The Secretary-General’s words were echoed by Sven Alkalaj, UNECE Executive Secretary, who also underlined the complementarity of the Water Convention with the United Nations Convention on the Law of the Non-navigational Uses of International Watercourses – also known as the United Nations Watercourses Convention. “Cooperation on water resources shared by two or more countries is vital for peace, stability and economic growth and a precondition for sustainable development”, he said.


The United Nations Watercourses Convention is expected to enter into force by the end of 2013, thus creating, with the UNECE Water Convention, a comprehensive international legal framework for transboundary water cooperation and the avoidance of conflict.
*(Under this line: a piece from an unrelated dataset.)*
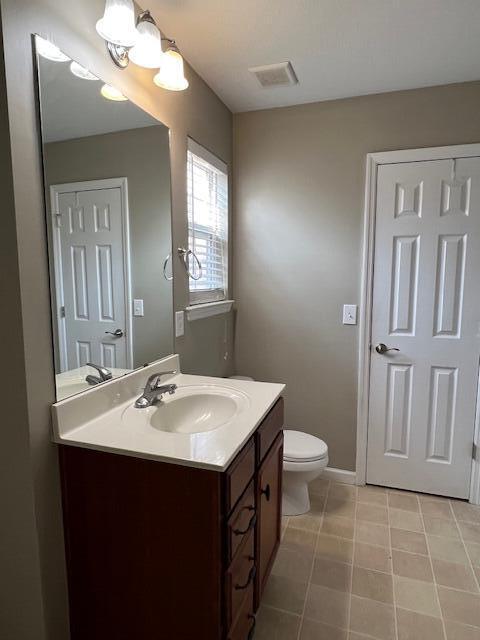 bathroom featuring visible vents, toilet, vanity, and baseboards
The new treaty regime will strengthen transboundary water cooperation if, as earlier called for by the Secretary-General, the two legal frameworks are implemented in a synergistic way.


It was against this background that a panel discussion was held later in the Budapest Water Summit, on 9 October, to examine how global frameworks strengthen transboundary water cooperation in practice. During the discussion, the Minister of Agriculture of Tunisia, Mohamed Ben Salem, reconfirmed Tunisia’s interest in joining the UNECE Water Convention — in a spirit of cooperation and good neighbourliness — and also explained how Tunisia was already cooperating with neighbouring countries over shared water resources, such as with Algeria.


Other non-UNECE countries manifested similar intentions. The Ambassador of Iraq to Hungary, on behalf of the Minister of Water Resources of Iraq, Mohanad Salman Al-Sady expressed his country’s willingness to join the UNECE Water Convention, explaining that Iraq believed that the two Conventions — the United Nations Watercourses Convention and the UNECE Water Convention — are “complementary for an effective role in the region in supporting and strengthening the cooperation on sustainable water management”. He further explained that the legal aspects of the United Nations Convention could be perfectly supported by the institutional model that had been developed by the UNECE Convention over the past 20 years.


Katariina Poskiparta, State Secretary in the Finnish Ministry of the Environment, presented her country’s rich experience in transboundary water cooperation and its support of the two global agreements. André Laperrière, Deputy CEO of the Global Environment Facility, provided practical examples of investments under the Facility’s international waters programme.